Comment on the draft National Curriculum Statement (NCS) culminated with public hearings in Cape Town on November 13. Through learning outcomes and assessment standards, the draft NCS stipulates minimum requirements for each learning area from grade R to grade nine.
The draft NCS has been hailed by many as a positive step in the direction of setting national standards on a grade-by-grade basis. Responses from a wide range of stakeholders have praised the national Department of Education for its attempt to specify the progression of knowledge, skills, values and attitudes from one grade to the next for each of the eight learning areas.
Unsurprisingly all learning area statements will require some revision. Many submissions point to the need to strengthen progression in all learning areas, as well as to check for unnecessary overlap within and between learning areas.
Comments on most learning areas seem to include a concern with overloading the curriculum by specifying too many assessment standards for each grade. Those involved in the process of making the final revisions would do well to remember that the NCS is intended to set out minimum requirements rather than to provide a comprehensive set of standards for General Education and Training.
In my parting shot of the year, I would like to focus briefly on some of the responses I have come across in two key areas of the NCS – science and religion.
The Natural Sciences Learning Area Statement appears to be one that will require substantial reworking. Not being a scientist myself, I am reflecting the concerns raised in a petition to the minister widely endorsed by science educators around the country.
Their criticisms include the fact that:
– the assessment standards give little indication of the depth and breadth of achievement that learners need to demonstrate;
– the choice of content stipulated by some of the assessment standards seems quite arbitrary;
– statements of content are often narrow, giving teachers little choice no matter what context they are teaching in;
– there are too many assessment standards, which will lead to curriculum overload and mililate against teaching in a learner- centred way;
– insufficient attention has been given to the progression of concepts and skills from one grade to the next;
– the treatment of the various strands of the natural sciences (Life and Living, Earth and Beyond, Matter and Materials, Energy and Change) is fragmented and there is little horizontal integration between the different strands at the same level;
– an inadequate attempt has been made to examine the natural sciences in the context of human rights and environmental issues.

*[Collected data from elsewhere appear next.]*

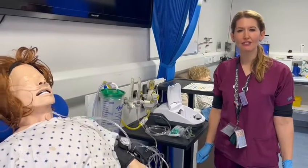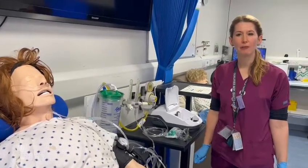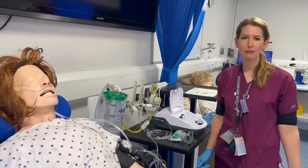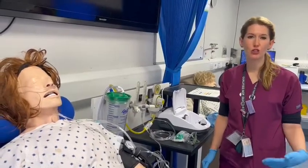Hello, my name is Kirsty Lane and this video is going to go through how to set up a nebuliser. This is often for our COPD or asthmatic patients that might be on nebulisers four times a day.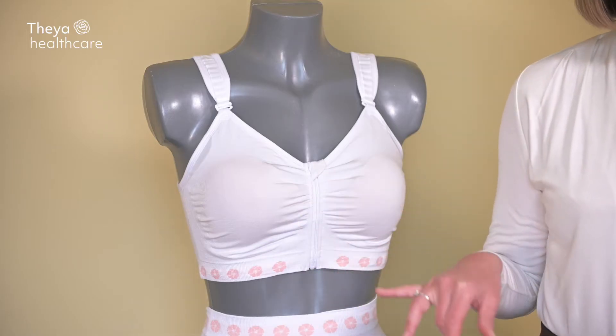It was designed for breast cancer patients post-operatively, especially those who ended up with numb fingertips as a result of chemotherapy. Using a zip is much easier than using the hook and eye version, which is also available as a post-surgery bra.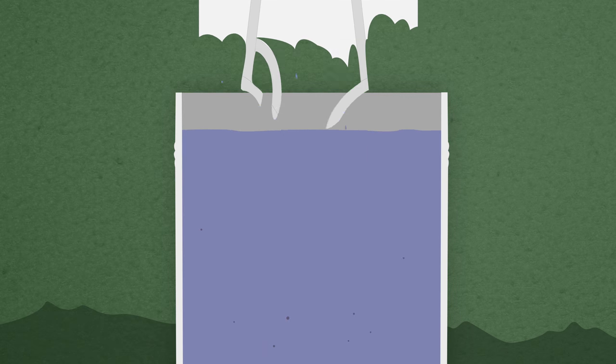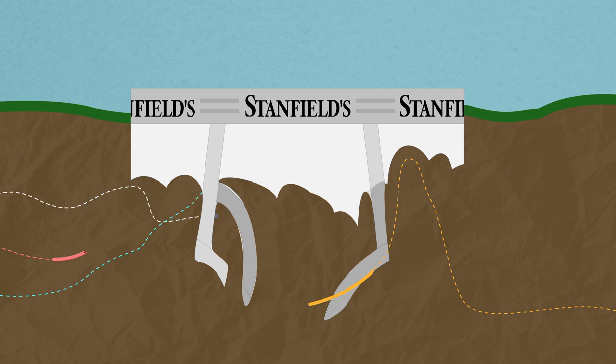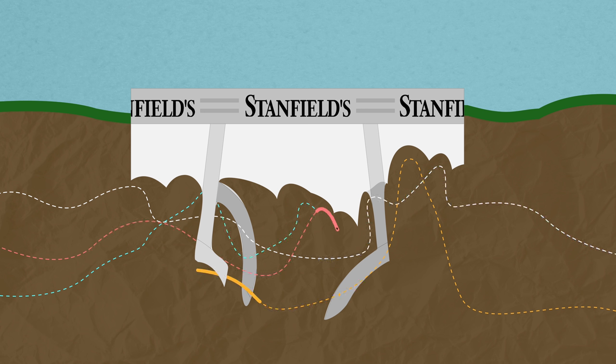If there's not much left of the underwear, right on! You have good biological activity — bacteria, worms, and other critters that live in healthy soils.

In the interests of strengthening the teaching and learning of science – one of the weakest areas of the school curriculum – these concerns will need to be addressed systematically. This may necessitate extending the timeframe for declaring the NCS national policy from January to March or April 2002.
Turning to religion and the NCS, much consternation has been expressed by the Pestalozzi Trust and others belonging to the home education movement about the Life Orientation Learning Area Statement. Their chief worry is that their children will be obliged to learn about all major world religions, rather than focus only on their particular brand of Christianity.
It is as if Rip Van Winkle has only now woken up after being asleep since 1994. Where were the home schoolers when the religion in education policy was being formulated? Where were they when the country opted for a multi-faith approach in line with the requirements of the Constitution?
A multi-faith approach is inclusive and argues that schools should offer “religion education” as opposed to the “religious education” of days gone by. The distinction, as I understand it, has to do with informing learners about and encouraging respect for all the major world religions rather than promoting the philosophy of one particular faith. In a secular state such as ours, the latter is considered to be the domain of the home rather than the school.
Strangely it is the home schoolers who are now accusing the government of indoctrination. What they fail to appreciate is that the draft NCS is the least doctrinaire statement on religion in the school curriculum that we have ever seen in this country. Perhaps this unfortunate reading of the NCS by home schoolers is a result of their conflation of home and school. In any event, I am convinced that they do their children a disservice by teaching them that there is only one truth.
May the spirit of goodwill prevail as we come to the end of a very important year for the school curriculum in South Africa – a year in which many significant policy gains have been made.
The focus of this column next year will be on how schools can begin to work with the NCS.
– The Teacher/M&G Media, Johannesburg, December 2001.